Change data capture is the standard answer. Instead of periodic batch exports, you stream every database change in real time. The question in 2026 is not whether to use CDC, it is which CDC architecture is right for your use case.
The answer has gotten more complicated. The CDC tool market has split. On one side are pure connectors like Debezium that capture changes and publish them to Kafka. On the other side are integrated systems like RisingWave that capture changes and immediately process and serve them inside a single system. Each architecture makes very different trade-offs.
This guide compares the major CDC tools honestly, with a comparison table, concrete scenarios, and a frank assessment of when Debezium is still the right choice.
Why 2026 Is Different
Three things changed the CDC landscape between 2023 and 2026.
AI agents need fresh data.

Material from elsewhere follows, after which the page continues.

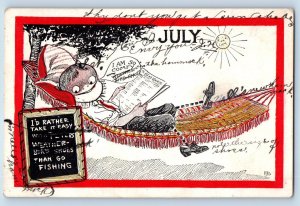 Greenfield Iowa IA Postcard July Boy On Hammock Reading Newspaper c1910's Posted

In 2023, most machine learning models were retrained on batch data. By 2026, AI agents query live data sources to make decisions and take actions. A fraud detection agent that acts on 30-minute-old features is less useful than one acting on changes from 30 seconds ago. CDC is the mechanism that keeps AI agents fed with current data.
The lakehouse became the default. Apache Iceberg is now the standard table format for data lakehouses, replacing Parquet files and Hive tables. CDC pipelines need to write to Iceberg, maintain upsert semantics in Iceberg tables, and do so without the small-file problem that plagues naive streaming writes. Not all CDC tools handle this equally.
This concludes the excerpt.